FJPatrum,
Do you leave your vent on your Shoulder open?
If so it should just vent excess gas when you raise your shoulder to be the highest point on your body.
If it is all the way open, but will not vent, then I would suggest changing the valves or servicing them.
Leaving the valve open while diving will have no detriment to the suits watertight integrity as they are NRV's.
I use SP Jet fins and love the weight of them. I did try out my buddys "lighter fins" and had similar issues that disappeared when I put on ankle weights as an experiment.
Great call on the dive and good for you finding a solid and dependable buddy.
Safe diving.
Pete.
Thanks for the advice.

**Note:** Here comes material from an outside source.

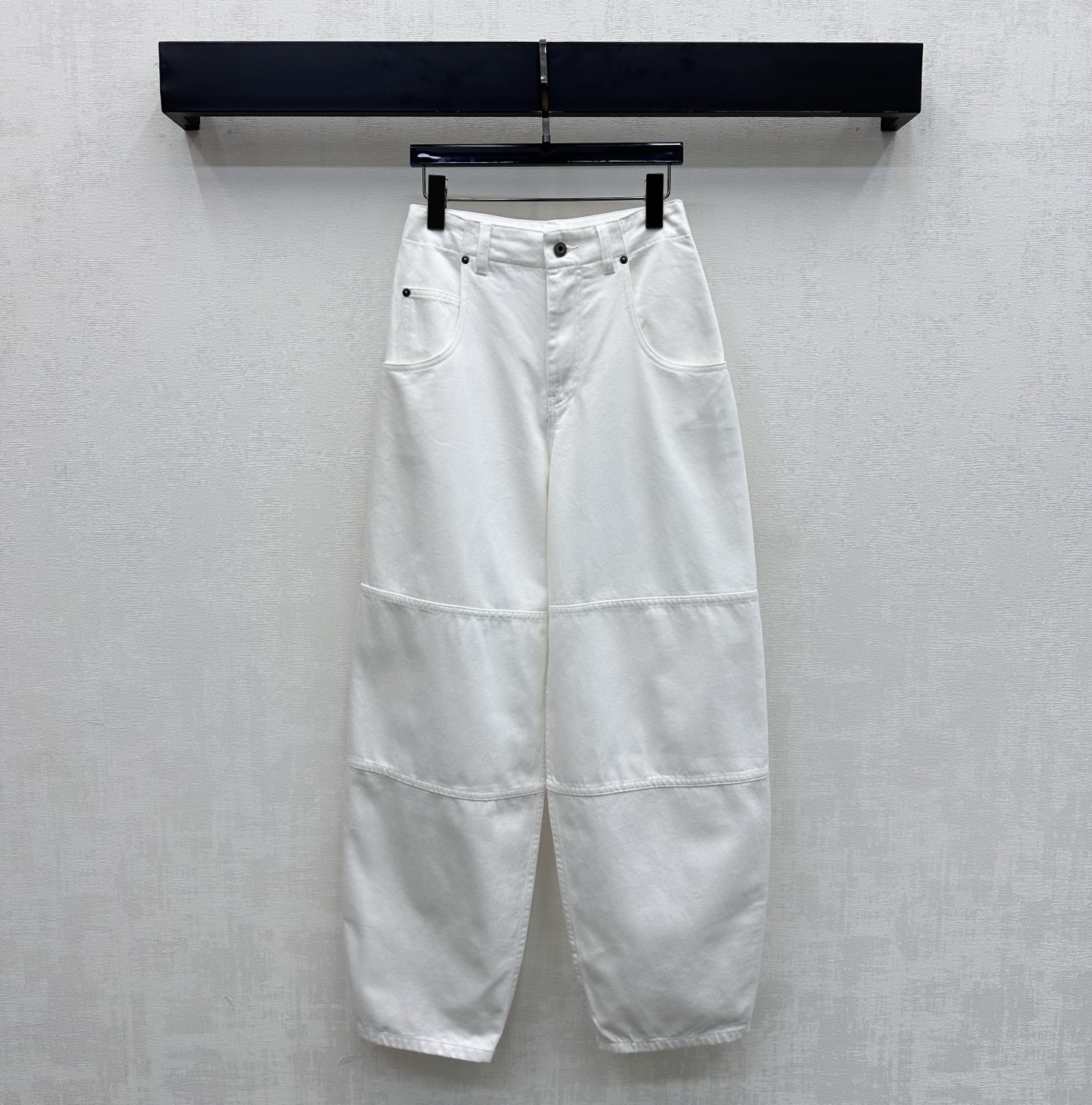 NO:876988,Louis Vuitto* new arrivals of radish denim trousers, customized YB imported twill cotton denim material, breathable, soft and skin-friendly, treated with multiple enzyme washing processes, retro and fashionable, high-waisted buttoned symmetrical pocket version, knee line cutting and splicing details with trouser cuff design, adding layering to the look, iconic letter leather label decoration on the back waist to highlight the brand tone and more trendy charm. Development of surface accessories. High-waisted buttoned radish pants cut, casually match and wear high-end fashion  High version,,louis vuitton,19860909Louis Vuitto*新品上架萝卜牛仔长裤定制YB进口斜纹全棉牛仔材质 透气柔软亲肤 多重酵素水洗工艺处理 复古又时尚 高腰系扣对称口袋版型 膝盖线条裁剪拼接细节配合裤脚收口设计 增添造型层次感 后腰点缀标志性字母皮标装饰 彰显品牌调性 更显潮流魅力 面辅料开发 高腰系扣萝卜裤剪裁 随意搭配穿搭高级时髦    高版本,,louis vuitton,,Women's clothing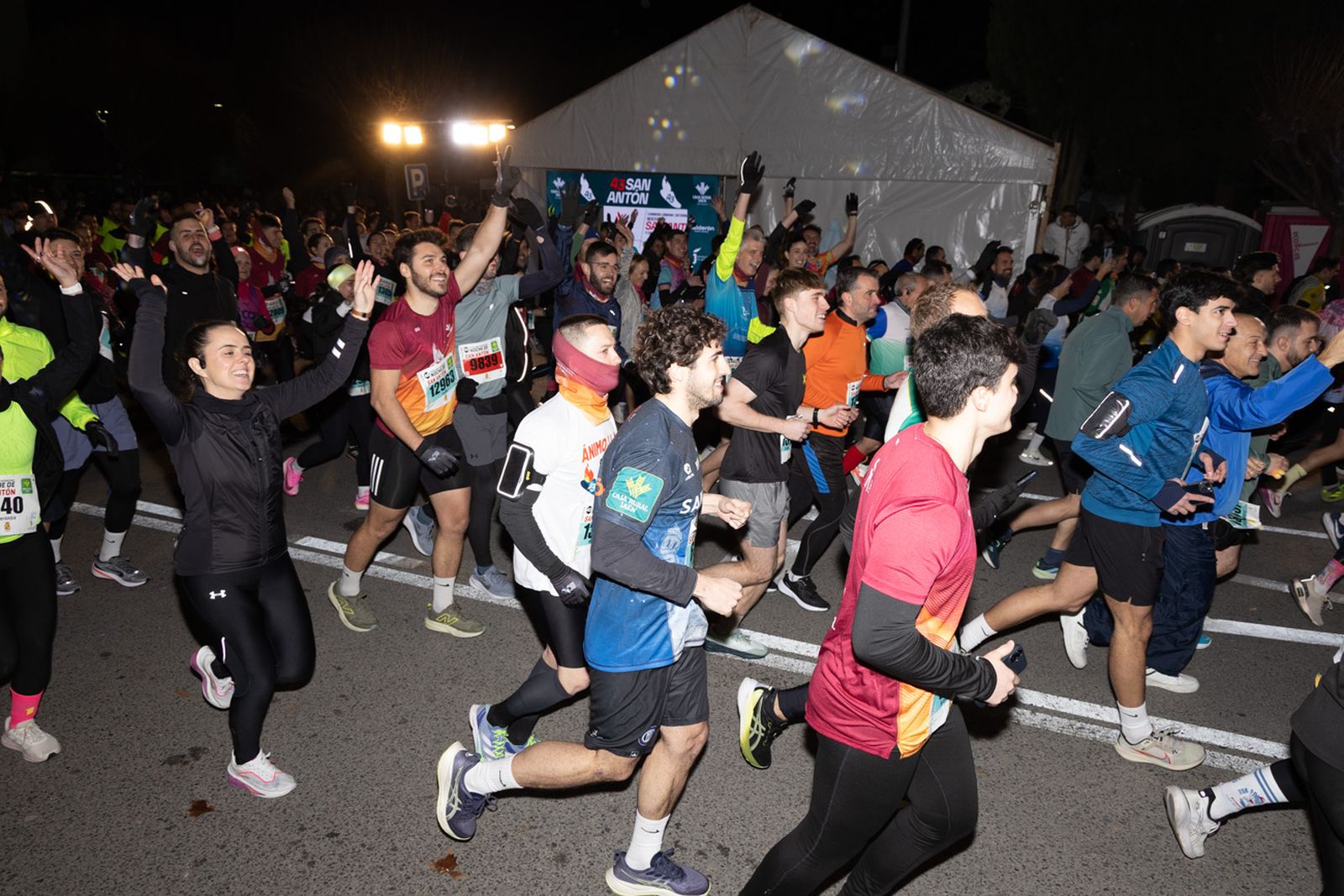 Encuéntrate en la salida de la Carrera de San Antón 2026, en imágenes (3)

If I open my vent all the way I start venting the moment I descend and it doesn't seem to stop. I may not have given it enough time to even out though and get equal. So far if I've tried that I feel uncomfortable squeeze below 20 feet. Conversely, closing all the way and I have a hard time managing the bubble properly.
I only 5 or 6 dives in a dry suit so I'm still working on it all.
My "heavy" fins are TUSA splits and the "floaty" fins are Mares Quattros. I had some jets but they were too small (bought them as part of a bulk used buy) so I sold them. For now I'll stick with the splits.
---------- Post added July 9th, 2013 at 07:58 PM ----------
fjpatrum;
weight belts suck. I don't know why people are still forced to train with these.
by the statement that you where wearing a weight belt ill assume you where diving a single tank with either a backplate and wing or traditional BCD. I would recommend adding weight pockets to you harness or checking into a weight integrated BCD.
as for you problems with the drysuit, try following this simple rule on descent fully close the vent on ascent full open the vent. if you are horizontal with a slight head up posture you will vent continually during you ascent and won't have a runway; even with this you may still need the rise the left arm and pull back to help vent excess gas on ascent if you start moving too fast.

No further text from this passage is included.